Problem 4 chapter 2: functional analysis (Rudin)

Question

$L^1$, $L^2$: usual Lebesgue spaces on the unit interval. Show that $L^2$ is of the first category (meager) in $L^1$, in three ways:

(a) Show that $F_n:=\{f:\int|f|^2 \leq n\}$ is closed in $L^1$ but has empty interior.

(b)Put $g_n=n$ on $[0,n^{-3}]$, and show that $\int fg_n \rightarrow 0$ $\forall f \in L^2$ , but not for every $f\in L^1$.

(c) Note that the inclusion map of $L^2$ into $L^1$ is continuous but not onto.

Do the same for $L^p$ and $L^q$ if $p<q$.

Answer 1

For each question, there are two sub-questions: 1. Why the assertion is true? and 2. Why does this one give the result?

a. 1. Show sequential closeness (as we are in a metric context) by Fatou's lemma.
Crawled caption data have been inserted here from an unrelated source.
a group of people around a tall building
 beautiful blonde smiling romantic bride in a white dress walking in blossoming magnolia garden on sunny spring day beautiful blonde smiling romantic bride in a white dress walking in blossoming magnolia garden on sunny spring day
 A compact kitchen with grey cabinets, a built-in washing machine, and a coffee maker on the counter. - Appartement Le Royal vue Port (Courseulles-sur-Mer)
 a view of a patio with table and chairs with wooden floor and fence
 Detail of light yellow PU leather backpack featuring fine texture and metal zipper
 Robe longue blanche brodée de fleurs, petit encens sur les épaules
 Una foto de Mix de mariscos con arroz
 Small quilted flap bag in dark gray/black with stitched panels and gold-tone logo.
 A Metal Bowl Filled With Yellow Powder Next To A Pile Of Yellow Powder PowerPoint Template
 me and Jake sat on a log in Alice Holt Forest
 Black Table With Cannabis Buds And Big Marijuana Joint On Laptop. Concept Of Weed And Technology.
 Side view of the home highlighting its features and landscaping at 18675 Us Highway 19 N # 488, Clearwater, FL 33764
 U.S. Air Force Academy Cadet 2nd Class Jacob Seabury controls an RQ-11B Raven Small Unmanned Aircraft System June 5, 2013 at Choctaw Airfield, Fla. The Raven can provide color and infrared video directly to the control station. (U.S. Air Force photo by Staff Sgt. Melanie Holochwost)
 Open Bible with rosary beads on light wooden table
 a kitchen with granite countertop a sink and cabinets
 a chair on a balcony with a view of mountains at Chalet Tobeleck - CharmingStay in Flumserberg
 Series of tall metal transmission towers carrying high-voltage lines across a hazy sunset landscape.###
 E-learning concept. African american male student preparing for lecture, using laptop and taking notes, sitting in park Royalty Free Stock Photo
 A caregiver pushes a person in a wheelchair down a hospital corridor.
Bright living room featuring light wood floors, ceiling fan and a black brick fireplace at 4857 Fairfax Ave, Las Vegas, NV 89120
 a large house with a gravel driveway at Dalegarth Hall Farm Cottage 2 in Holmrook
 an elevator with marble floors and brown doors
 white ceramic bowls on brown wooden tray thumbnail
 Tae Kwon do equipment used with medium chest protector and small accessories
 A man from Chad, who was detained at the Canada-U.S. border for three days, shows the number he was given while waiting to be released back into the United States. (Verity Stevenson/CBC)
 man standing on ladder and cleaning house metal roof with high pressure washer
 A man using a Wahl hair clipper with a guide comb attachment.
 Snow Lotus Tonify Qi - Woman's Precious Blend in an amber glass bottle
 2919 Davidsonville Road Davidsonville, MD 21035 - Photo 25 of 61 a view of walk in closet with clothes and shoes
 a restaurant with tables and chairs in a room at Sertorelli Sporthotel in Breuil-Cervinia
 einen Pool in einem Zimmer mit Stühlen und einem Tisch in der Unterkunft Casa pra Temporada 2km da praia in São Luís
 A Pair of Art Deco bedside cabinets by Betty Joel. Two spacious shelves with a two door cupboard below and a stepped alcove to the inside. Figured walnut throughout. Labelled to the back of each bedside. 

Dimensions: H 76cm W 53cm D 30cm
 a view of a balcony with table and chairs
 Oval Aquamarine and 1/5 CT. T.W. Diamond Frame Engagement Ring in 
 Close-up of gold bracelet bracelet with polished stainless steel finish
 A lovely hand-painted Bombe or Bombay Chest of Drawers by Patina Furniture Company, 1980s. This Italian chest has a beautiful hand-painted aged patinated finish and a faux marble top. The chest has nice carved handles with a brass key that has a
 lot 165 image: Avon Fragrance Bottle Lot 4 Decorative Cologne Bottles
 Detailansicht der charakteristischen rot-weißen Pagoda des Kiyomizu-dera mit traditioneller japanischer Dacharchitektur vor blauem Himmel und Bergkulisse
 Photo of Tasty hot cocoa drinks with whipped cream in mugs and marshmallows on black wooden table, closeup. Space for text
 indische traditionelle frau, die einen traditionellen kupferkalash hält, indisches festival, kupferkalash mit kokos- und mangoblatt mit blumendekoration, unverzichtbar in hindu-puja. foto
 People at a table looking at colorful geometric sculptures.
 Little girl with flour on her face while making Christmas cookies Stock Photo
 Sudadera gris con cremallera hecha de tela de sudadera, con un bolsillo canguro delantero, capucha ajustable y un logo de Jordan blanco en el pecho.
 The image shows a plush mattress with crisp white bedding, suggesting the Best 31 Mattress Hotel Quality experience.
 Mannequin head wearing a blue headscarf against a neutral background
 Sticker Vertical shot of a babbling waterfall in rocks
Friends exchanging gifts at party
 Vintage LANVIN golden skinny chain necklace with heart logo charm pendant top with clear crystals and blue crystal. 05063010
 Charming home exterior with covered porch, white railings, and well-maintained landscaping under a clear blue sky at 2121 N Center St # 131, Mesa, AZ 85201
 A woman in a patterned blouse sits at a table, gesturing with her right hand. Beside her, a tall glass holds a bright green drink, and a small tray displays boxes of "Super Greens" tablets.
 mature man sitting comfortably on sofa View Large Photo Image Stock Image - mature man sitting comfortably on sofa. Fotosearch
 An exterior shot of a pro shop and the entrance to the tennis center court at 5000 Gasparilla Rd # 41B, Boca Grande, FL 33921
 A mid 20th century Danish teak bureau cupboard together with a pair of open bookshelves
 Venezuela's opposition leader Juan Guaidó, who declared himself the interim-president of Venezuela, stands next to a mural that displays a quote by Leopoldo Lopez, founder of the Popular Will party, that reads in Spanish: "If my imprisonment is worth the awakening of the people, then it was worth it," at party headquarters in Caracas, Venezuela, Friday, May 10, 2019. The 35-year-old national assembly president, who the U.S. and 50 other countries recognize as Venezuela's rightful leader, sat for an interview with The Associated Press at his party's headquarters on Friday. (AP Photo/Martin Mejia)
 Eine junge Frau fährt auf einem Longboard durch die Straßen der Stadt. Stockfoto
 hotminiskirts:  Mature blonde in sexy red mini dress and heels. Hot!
What happens if we assume that $F_n$ has a non-empty interior (in $L^1$)? 2 It's by definition.

b. 1. Use the fact that $\{f_n\}$ is bounded in $L^2$ and that simple functions are dense in $L^2$.

c. 1. It follows from a well-known integral inequality. Take an integrable function which is not square integrable. 2. There is a related theorem earlier in the book.